Cuando aprendemos a soltar el dolor, a perder, a dejar ir eso que algo más fuerte que nosotros ha decidido que no será nuestro, es que el amor tiene la posibilidad de empezar a sanar verdaderamente nuestro dolor y, como hermosa consecuencia, al irnos llenando, el amor descubre de nuevo en nuestra esencia la capacidad de volver a apreciar las bellísimas verdades del mundo. De pronto es posible volver a apreciar la cuidada armonía con la que una brisa suave mece las hojas de un árbol gigante donde docenas de pájaros pían con frenesí. Ellos saben más que nosotros.
Han sido días muy difíciles para este que escribe. He tenido tiempos muy duros tratando de aprender a escuchar la voz de dios y, más importante aún, la intención de sus palabras. Me ha resultado muy difícil renunciar a la gran soberbia que me impedía ponerme en sus manos y decirle: Está bien, señor, hágase tu voluntad. No ha sido nada sencillo sentarme a buscar la paz y pedirle que me hable mientras el mundo que había a mi alrededor se desmorona y cae para dejar sólo ruinas. Máxime siendo alguien acostumbrado a pelear. Yo soy un guerrero, señor. Lo sé, me dice él, pero esta es tu pelea más importante y no puedo dejar que la pierdas, por eso te ayudo. Y me ayuda enseñándome que no existe la derrota como tal, perder significaría dejar morir el amor ahora que he aprendido a vivirlo. Perder significaría dejar al miedo volver a dominar mi vida ahora que he aprendido que está indefenso contra la fuerza de alguien que ama sin condiciones y sin límites. Perder significaría dejar que el bien se reduzca y permita las zonas de sombra que con el tiempo se volverían maldad en mi alma.

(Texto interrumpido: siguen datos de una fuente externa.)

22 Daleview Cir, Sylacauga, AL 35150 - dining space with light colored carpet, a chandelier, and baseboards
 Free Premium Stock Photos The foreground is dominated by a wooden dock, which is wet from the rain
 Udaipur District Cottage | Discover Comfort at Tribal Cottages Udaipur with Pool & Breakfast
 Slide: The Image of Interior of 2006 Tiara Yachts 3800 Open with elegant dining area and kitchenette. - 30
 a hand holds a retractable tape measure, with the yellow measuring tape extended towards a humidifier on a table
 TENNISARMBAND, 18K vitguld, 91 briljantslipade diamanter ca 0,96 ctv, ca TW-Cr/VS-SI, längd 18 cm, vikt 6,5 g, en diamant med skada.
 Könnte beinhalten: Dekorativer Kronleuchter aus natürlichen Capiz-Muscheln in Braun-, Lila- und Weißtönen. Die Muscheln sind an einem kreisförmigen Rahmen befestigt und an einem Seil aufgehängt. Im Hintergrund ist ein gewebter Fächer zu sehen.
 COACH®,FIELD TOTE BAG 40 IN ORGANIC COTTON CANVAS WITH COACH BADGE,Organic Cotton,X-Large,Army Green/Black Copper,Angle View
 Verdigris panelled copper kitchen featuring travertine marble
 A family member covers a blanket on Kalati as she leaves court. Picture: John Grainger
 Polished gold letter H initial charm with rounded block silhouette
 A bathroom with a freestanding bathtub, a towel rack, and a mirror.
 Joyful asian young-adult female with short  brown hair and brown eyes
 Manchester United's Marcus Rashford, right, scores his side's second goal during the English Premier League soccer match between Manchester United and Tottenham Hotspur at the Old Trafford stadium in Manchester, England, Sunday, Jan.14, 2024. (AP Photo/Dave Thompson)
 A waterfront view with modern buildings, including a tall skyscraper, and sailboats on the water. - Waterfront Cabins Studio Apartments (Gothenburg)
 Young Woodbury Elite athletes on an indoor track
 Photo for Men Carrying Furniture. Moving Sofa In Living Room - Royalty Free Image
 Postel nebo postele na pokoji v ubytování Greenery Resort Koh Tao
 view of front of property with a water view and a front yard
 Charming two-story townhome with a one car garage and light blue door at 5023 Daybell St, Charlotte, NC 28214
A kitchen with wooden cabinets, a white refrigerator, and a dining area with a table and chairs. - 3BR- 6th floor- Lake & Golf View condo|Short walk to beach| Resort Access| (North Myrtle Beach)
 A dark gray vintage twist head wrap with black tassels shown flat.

Yo no quiero perder y Dios lo sabe, por eso todos los días me dice una frase pequeña que me alimenta y me da vida nueva para buscar una vez más la paz y el amor en los que lo encuentro a él y puedo volver a ofrecerle algo en lugar de pedírselo. Por eso cuando despierto y le doy las gracias por todo este infinito dolor, no puedo dejar de pedirle que deje que todos lo escuchen como me ha dejado hacerlo a mí, que todos oigan su voz y entiendan: DEBES AMAR SIN NINGÚN TIPO DE MIEDO.
Yo amo así, Dios, y no sabes cuánto te lo agradezco. Te pido por todos mis hermanos, para que puedan hacerlo también, y muy en especial por ella, por quién mi amor se inclina con tanta fuerza. No importa si ella no lo siente por mí, señor, deja que el mío la toque.